- Goal of the exercise: For this exercise, the lines from the one with "Collection of 8" through the end of the material below must be output exactly, without pictures.

- Source material:
-----

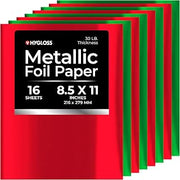 Hygloss Metallic Foil Paper - 16 Sheets Red and Green Shiny Papers - 8.5x11 Inches - Ideal Foil Papers for Crafts - Shiny Craft Paper Sheets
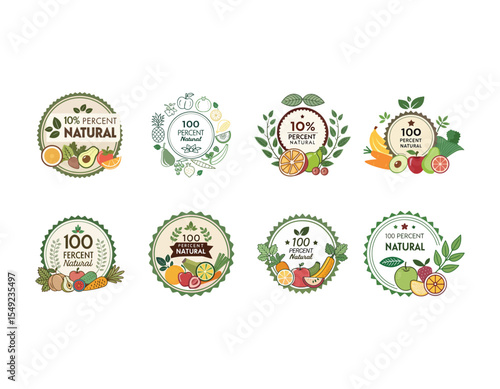 Collection of 8 Unique Natural Product Logos Featuring Fruits and Vegetables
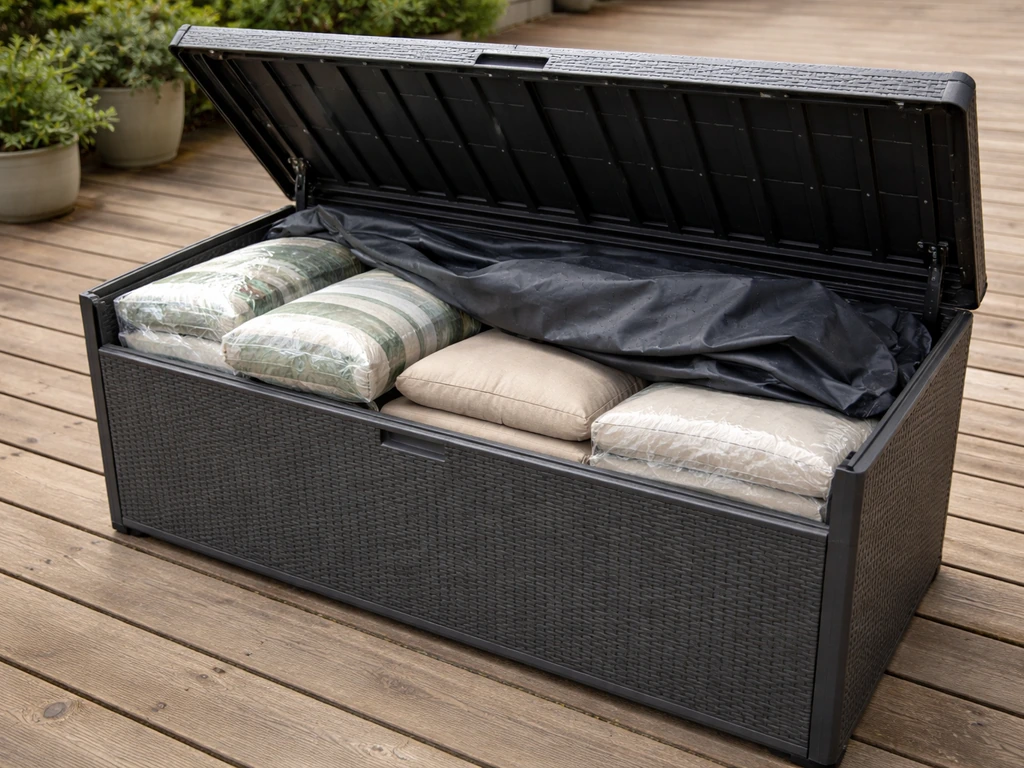 Open outdoor deck box with seat cushions, throw pillows, and an outdoor cover protecting items from weather.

-----

- Response:
 Collection of 8 Unique Natural Product Logos Featuring Fruits and Vegetables
 Open outdoor deck box with seat cushions, throw pillows, and an outdoor cover protecting items from weather.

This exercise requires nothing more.